Mardin’i bilenler bilir, üç dinin mensuplarının barış ve dostluk içinde yaşadıkları kedim bir kentimizdir. Müslümanlar,  Süryan-i kadim Hıristiyanları, Ermeniler ve Yahudiler… Bunların çarşı içindeki dükkânları, yaşadıkları mahalleler ve mabetleri yan yanadır. Her kesin birbirine saygısı vardır. Mesela gayri Müslimler Ramazan ayında açıktan yemek yemezlerdi. Aynı şekilde Müslümanlar da, gayri Müslimlerin dinlerine hakaret sayılabilecek bir söz sarf etmezler ve onlara zarar vermezlerdi.

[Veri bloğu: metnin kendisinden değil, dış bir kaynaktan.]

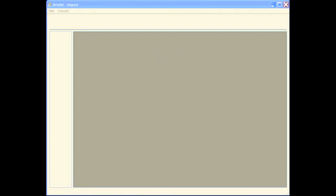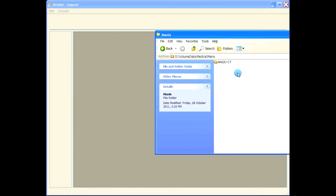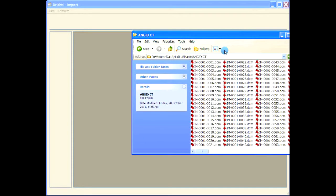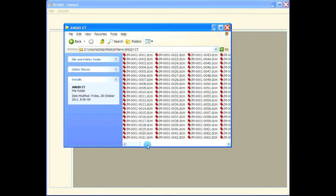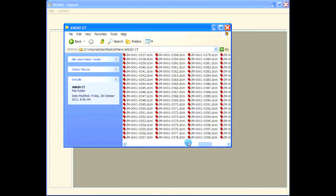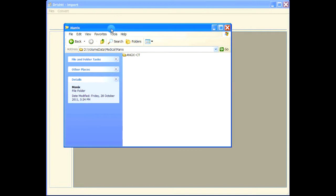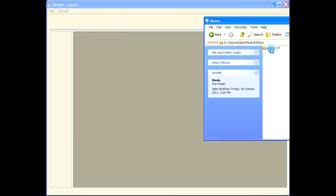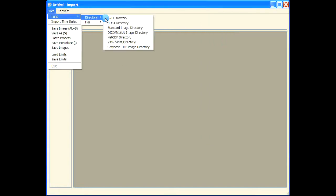This video will show you how to import DICOM image stacks. This is the image stack here, DCM files. We can either drag and drop this directly here, or we can go via load directory and then DICOM or standard image directory.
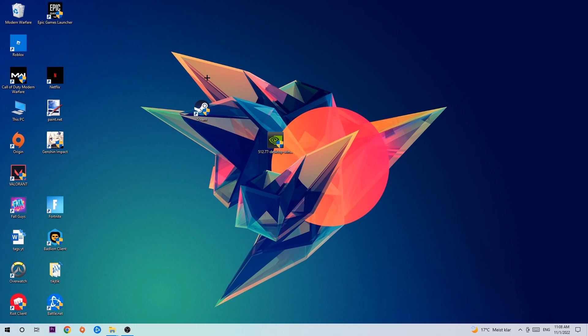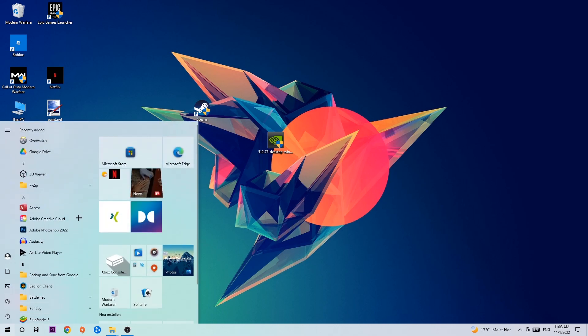So anyways, let's get started. The first step I would recommend for everybody is to navigate to the very bottom left corner of your screen where you're going to left click your Windows symbol.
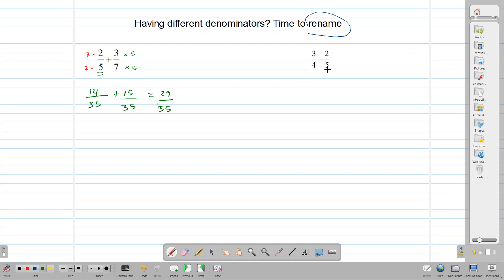Let's rename this one. We take this five and multiply our numerator and denominator, and take this four and multiply our numerator and denominator. Five times three gives us 15 over 5 times 4, which gives us 20. Four times 2 gives us 8 over 4 times 5, which gives us 20. So we've made an equivalent fraction: 3 over 4 becomes 15 over 20, and 2 over 5 becomes 8 over 20.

Mahmut ve İzzettin adında iki çapulcu genç, bir Ermeni’nin evinde bin altının olduğunu öğrenmişti. Acaba bu altınları bu adamın elinden nasıl çıkaracağız diye bir plan yaptılar. Günlerce konuşup istişare ettiler. İzzettin, “Arkadaşım, biz adamın evini basıp altınları alsak bile adam bizi tanıyor. Hemen çarşı karakoluna iner ve bizi ihbar eder. Emniyet amiri de hem altınları bizden alır hem de hapsi boylarız” dedi.  Mahmut, “Galiba bu durumda tek çıkış yolu vardır. Önce emniyet ve zabıtayı görmemiz gerekir. Ermeni’nin evine yakın çarşı karakolunda A…B…  adında bir amir vardır. Ermeni’den alacağımız paranın bir kısmını ona verirsek bize yardımcı olur” dedi. Diğeri, “Peki, Onu nasıl ziyaret edebiliriz?” dedi. Mahmut, “O kolay; emniyet amiri akşam iş çıkışı evine gider. Biz evinin bulunduğu sokağın köşesinde bekler, geldiğinde durumu kendisine anlatırız” dedi.

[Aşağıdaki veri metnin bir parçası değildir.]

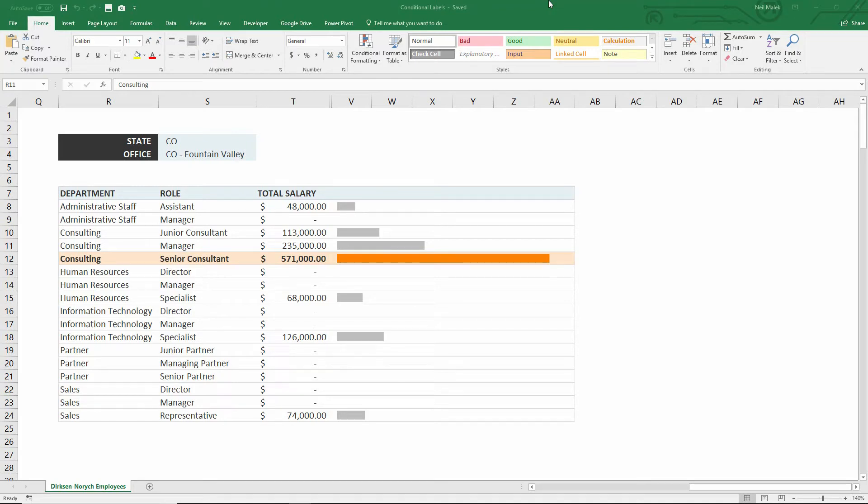My name is Neil Malek, and in today's Everyday Office, we're going to show you how to do a dynamic or conditional label for a chart.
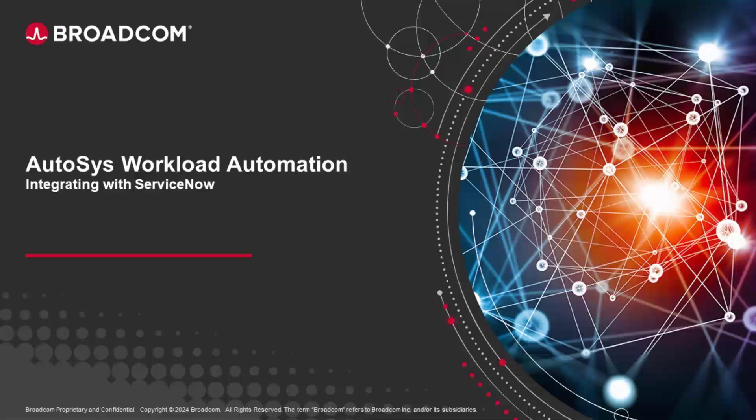Hello and welcome to this video on a new feature available from Autosys 12.1 SP1. In this video, you'll learn about the new ServiceNow integration.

O gün akşamı iple çektiler. Akşama doğru, amirin evinin bulunduğu sokağa geldiler. Mütecessis bir eda ile bir an önce emniyet amirinin evine dönmesini bekleme başladılar. Derken kumral saçlı, ela gözlü, 50 yaşlarındaki emniyet amiri, başındaki fesiyle ve yanındaki muhafızıyla birlikte evine dönmek üzere çıkageldi. İki genç birlikte ayağa kalkıp, “Muhterem amirim, bir maruzatımız vardır; bir dakikanızı istirham edebilir miyiz?” dediler. Her şeyden habersiz olan emniyet amiri, bu gençlerin bir dertleri var herhalde, diyerek onlara yöneldi ve: “Buyurun gençler sizi dinliyorum” dedi. Mahmut, “Amirim, biraz gizli bir durumdur; gelen giden oluyor, burada söylememiz uygun olmaz” dedi. Bunun üzerine, “Tamam, o zaman, evim yakındır; benim eve gelin, bakalım bu gizli şey neymiş, sizi orada dinleyeyim” dedi.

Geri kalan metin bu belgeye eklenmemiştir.